The success of this deal, he added, is less about the technology but more about the people and culture, which is crucial for an open source company.
He explained: “The power of an open source company comes from how the developer community views and respects it. The Rock Stars are not the richest, but the most credible and respected developers.”
“The community takes no direction from any one single company but is brought together by its sheer belief in its leaders and their contribution to open source development as a whole,” he noted.
“The success of this US$34 billion buyout will therefore depend on whether the developer community sees it fit to support the Red Hat division within IBM or whether it decides that Red Hat has sold its open source soul to IBM.”
> The question is what Red Hat represents, that is, open source.
> Can a company remain open source when it is bought by a
> proprietary source company? This question still holds true today.”
Open source is the core of Red Hat’s DNA. The DNA. Any deviation,
devaluation of it will be a huge mistake. IBM recognizes that.

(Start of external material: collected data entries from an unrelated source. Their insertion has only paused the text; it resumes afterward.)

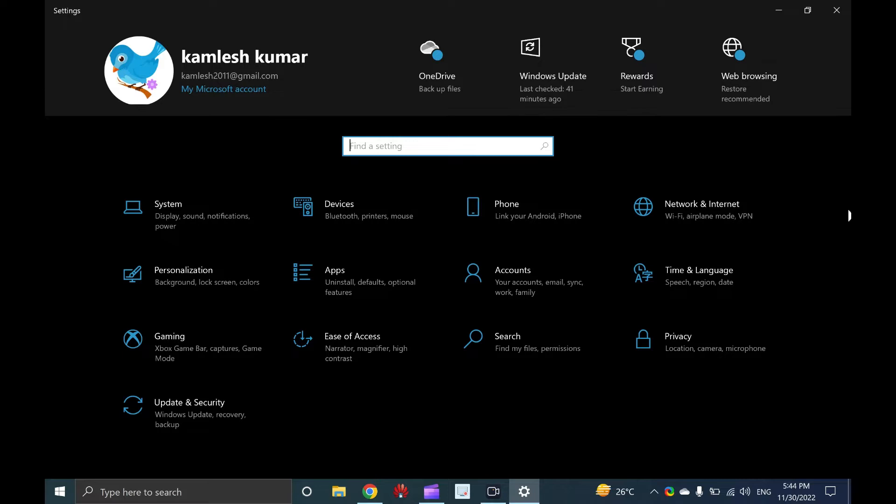At the same time, all the settings are accessible under the settings app only. Microsoft is slowly shifting the control panel to the settings app so that control panel may be phased out. Settings app allows customization of Windows 10 in detail.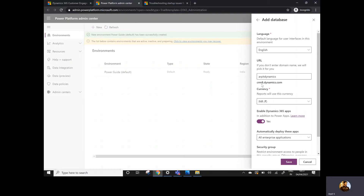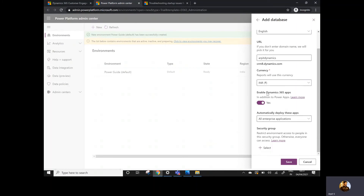The CRM number in the URL depends on which region you're creating the trial instance. For Europe I believe it's crm4, for India it's crm8, and for the UK I think it's crm11 — please confirm these as I'm not entirely sure. You can also select currency, which is important because many environment features require currency selection. Make sure you select the right currency because once selected, you cannot change it later.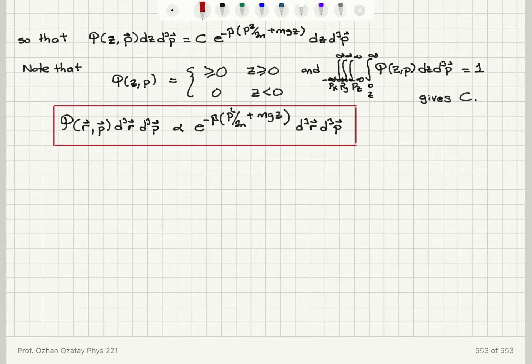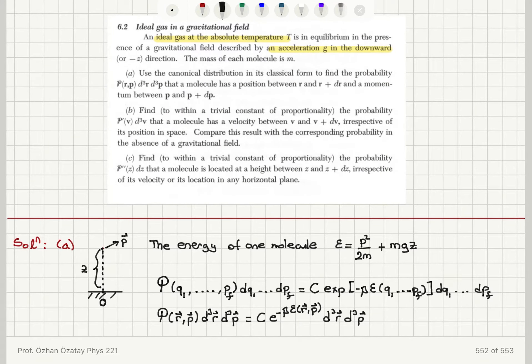Now let's look at part b. The x and y components have no contribution to the energy, so x and y can take any value, while z takes values between z and z+dz. In part b, we find — within a trivial constant of proportionality — the probability p'(v) d³v that a molecule has a velocity in a certain range, irrespective of its position.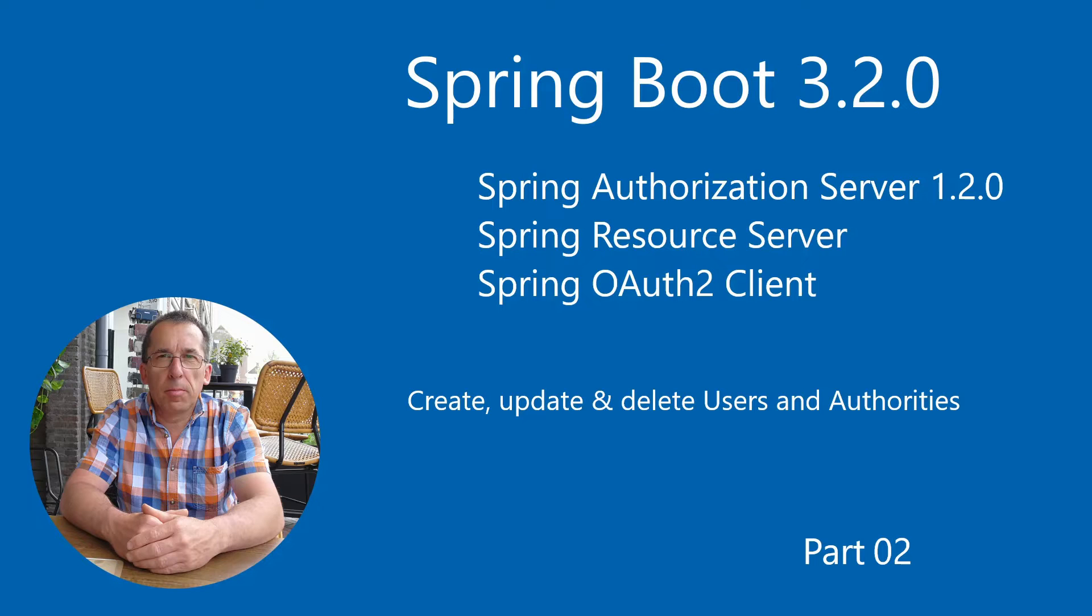Welcome to this new video. Today we continue with the code from the previous video. We are going to create, update and delete the users of the Spring Authorization Server.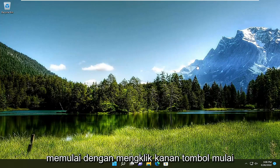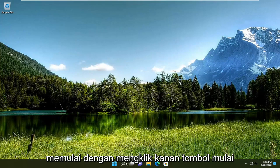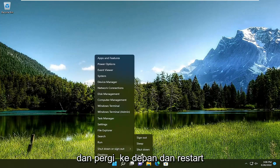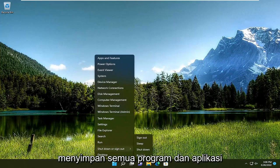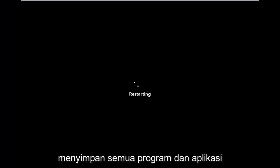All you have to do is start by right-clicking on the Start button and go ahead and restart your computer. Make sure you've closed out and saved any open programs and applications you may have open.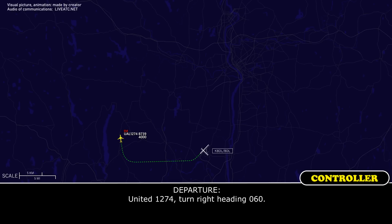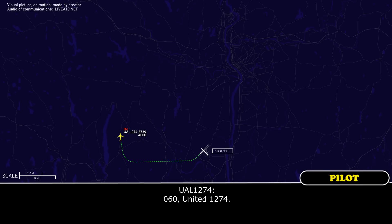United 12-74, turn right heading 0-6-0. 0-6-0, United 12-74.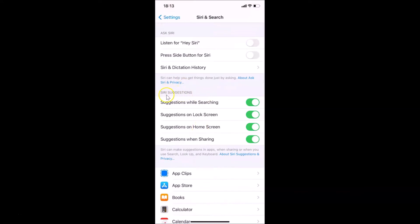Go to the section 'Share These Suggestions' and here we have the option 'Suggestions when sharing.' Currently this toggle is enabled. What you need to do is disable this toggle — just tap on it and move the slider to the left. It's now disabled. After that you can close your Settings app.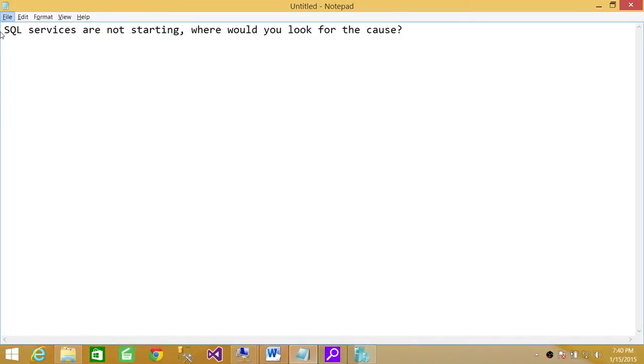Welcome to Tech Brothers. In this video we're going to answer a question: SQL services are not starting, where would you look for the cause?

They’ve said that clearly as well. Whoever you’ve quoted clearly
does not get how Red Hat does what we do (inspite of the suggestion
that the person was with Red Hat).
> “The success of this deal, he added, is less about the technology
> but more about the people and culture, which is crucial for an
> open source company.”
This is indeed true. The licensing (GPL etc) is the bedrock of any
open source code base. All of Red Hat’s code is open. 100%. To
make that sustainable and successful, Red Hat learned many lessons
over the last 25 years. The execution of the lessons learned is
what has made Red Hat what it is today.
> He explained: “The power of an open source company comes from
> how the developer community views and respects it. The Rock
> Stars are not the richest, but the most credible and respected
> developers.”
It is all about peer recognition not payscale not title. You do
good code, test suites, designs, artwork and your peers give you
the recognition, goes a very long way in the quality, innovativeness
and desirability of ones work.
> “The community takes no direction from any one single company
> but is brought together by its sheer belief in its leaders and
> their contribution to open source development as a whole,” he noted.
True. Very true.
> “The success of this US$34 billion buyout will therefore depend
> on whether the developer community sees it fit to support the
> Red Hat division within IBM or whether it decides that Red Hat
> has sold its open source soul to IBM.”
An unfortunate final sentence “… sold its open source soul to
IBM”. Perhaps, if it read, “the injection of the open source
development model into IBM is what is needed for the long term
viability of IBM”, would have been better.
Red Hat’s Mission statement, revised by a bottoms up process
many years ago reads:
“To be the catalyst in communities of customers, contributors,
and partners creating better technology the open source way.”
We live by this everyday. We are more than happy to share this
with our new associates in IBM.
[Disclaimer: I am a Red Hatter in Singapore. These are my comments
and not an official Red Hat statement.]